Encoder module

class encoder.Encoder(d_model, q, v, h, attention_size=None, dropout=0.3, chunk_mode='chunk')

Bases: Module

Encoder block from Attention is All You Need.

Apply Multi Head Attention block followed by a Point-wise Feed Forward block. Residual sum and normalization are applied at each step.

Parameters
  • d_model (int) – Dimension of the input vector.

  • q (int) – Dimension of all query matrix.

  • v (int) – Dimension of all value matrix.

  • h (int) – Number of heads.

  • attention_size (Optional[int]) – Number of backward elements to apply attention. Deactivated if None. Default is None.

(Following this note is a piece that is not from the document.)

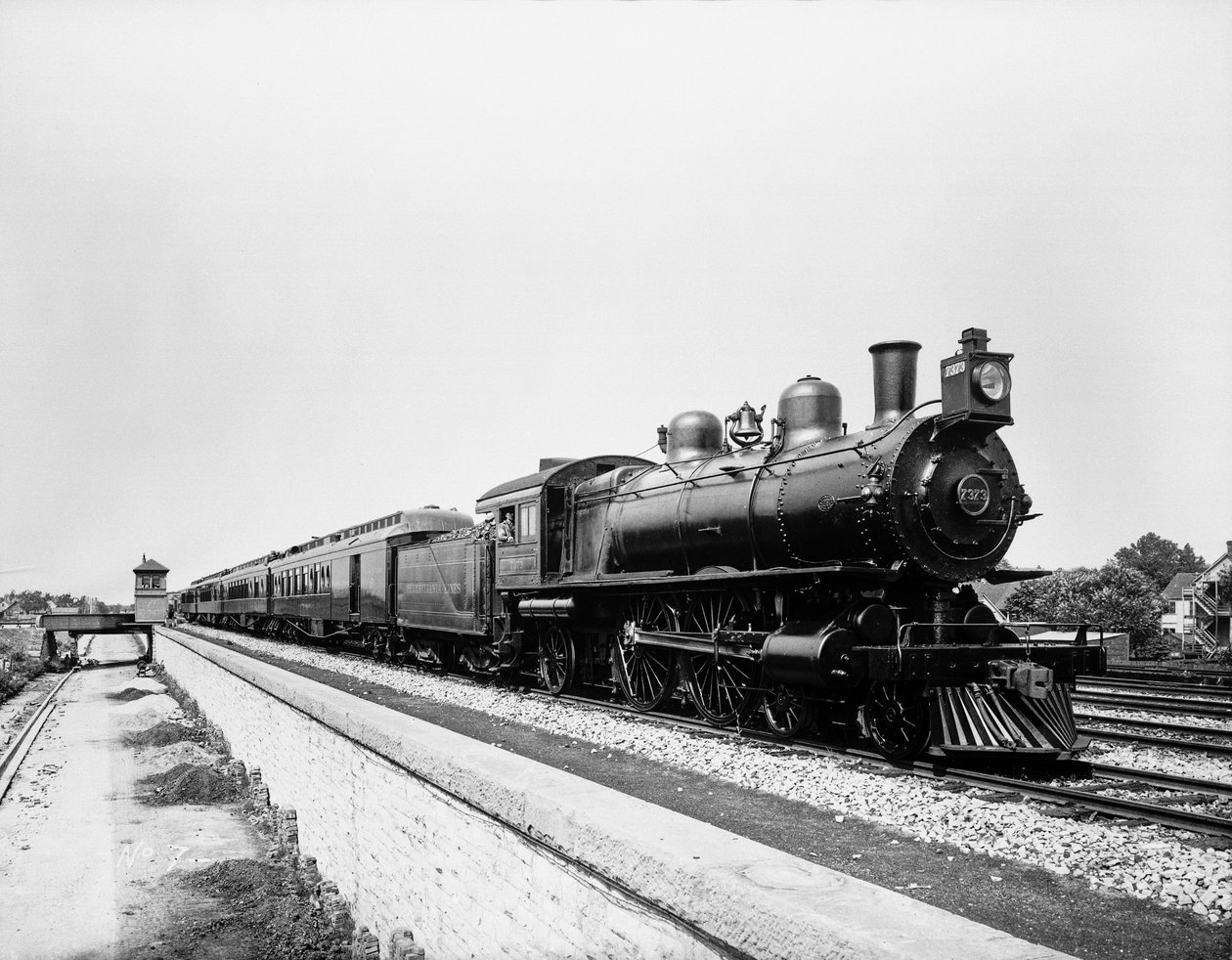 قطار بنسلفانيا المحدود ، شيكاغو ، إلينوي ، الولايات المتحدة الأمريكية ، حوالي 1908 (صورة بالأبيض والأسود) بواسطة بارنز وكروسبي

  • dropout (float) – Dropout probability after each MHA or PFF block. Default is 0.3.

  • chunk_mode (str) – Swict between different MultiHeadAttention blocks. One of 'chunk', 'window' or None. Default is 'chunk'.

property attention_map: Tensor

Attention map after a forward propagation, variable score in the original paper.

forward(x)

Propagate the input through the Encoder block.

Apply the Multi Head Attention block, add residual and normalize. Apply the Point-wise Feed Forward block, add residual and normalize.

Parameters

x (Tensor) – Input tensor with shape (batch_size, K, d_model).

Return type

Tensor

Returns

Output tensor with shape (batch_size, K, d_model).